We all love our spouses. But love, alone, isn't enough to overcome betrayal. You mention he's a good partner now, but you don't advise what he did to be a safe partner. If he simply switched back to doing the stuff he did previously, without digging into why and how he gave himself the permission to betray the person he purportedly loved, it's no wonder you don't feel safe.
I'm worried that perhaps a lot of this has been rugswept rather than fully processed and dealt with. Healing from this is a two-way street. What have YOU done in order to heal? I know that once you have kids, they tend to become the #1 priority and your own needs and issues become secondary but these types of things tend to fester. Focusing on yourself and YOUR healing is also imperative. TO this end:
Her pictures keep popping up on my social media
Do yourself a favour and block her on everything. I know it can be hard, because you probably feel the need to keep tabs on her and are probably morbidly interested in her life, but I promise you, speaking from experience, that you will have fewer triggers if you do.
Part of me thinks I should go get revenge so he knows how it feels but I couldn’t bring myself to do it then that hurts even more cos he was quite happy to do it regardless of me and my feelings.
This comment suggests to me that you do not believe he fully grasps the enormity of what he did and he does not empathize with the pain you have, and continue to experience. This certainly occurred to me too in the depths of my pain. I concluded that a) it wouldn't make me feel better; b) it would probably make me feel worse (one of the ways I compared myself to OW in the early days was to remind myself that while she was X, Y, and Z, at least I could feel confident about my ethics, and that counted for something; and c) it would be like dropping a bomb on our reconciliation.
I think he thinks I should’ve just moved on by now because he is like a different person but he’s not a different person it was still him that did all these horrible things to me.
Has he said this? If so, this is a major red flag. But if he hasn't, what makes you feel this way? It worries me that you are not communicating about it with him. In the first 2 years or so post-D-day my H and I spoke about the A on a near daily basis. If you're having these thoughts and feelings and ideas you should be talking through them with him. If things are not addressed, they will fester. You're also depriving him of an opportunity to comfort you, which is something that can actually bring the two of you closer together. It may feel counterintuitive but for me, talking about it MORE not less, was a better way to heal.

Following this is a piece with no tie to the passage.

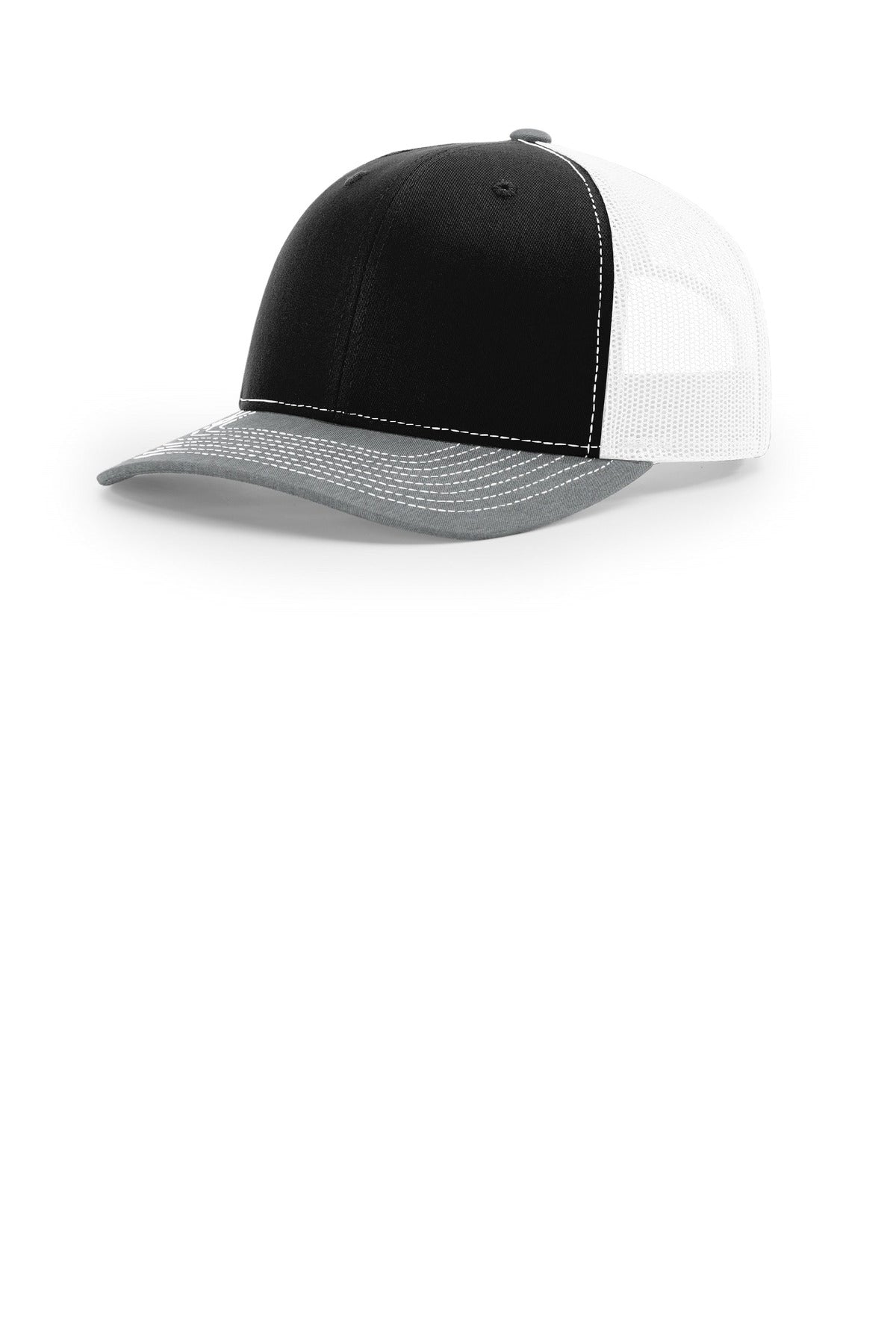 Richardson Trucker Cap - Black/ White/ Heather Grey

It take 2-5 years to heal from infidelity. You're still IN IT right now. I don't think forgivenss needs to be the goal. When I set out to reconcile with my husband I didn't set out with the intention to ever FORGIVE my husband for his A. To me it was unforgiveable, and what I needed to do was figure out whether I could live with it and whether he could be a good and worthy partner. What was more important to me was that a) he (and I) figure out WHY it happened; and b) that it never happen again. Somewhere along the way, in that, I realized I had forgiven him.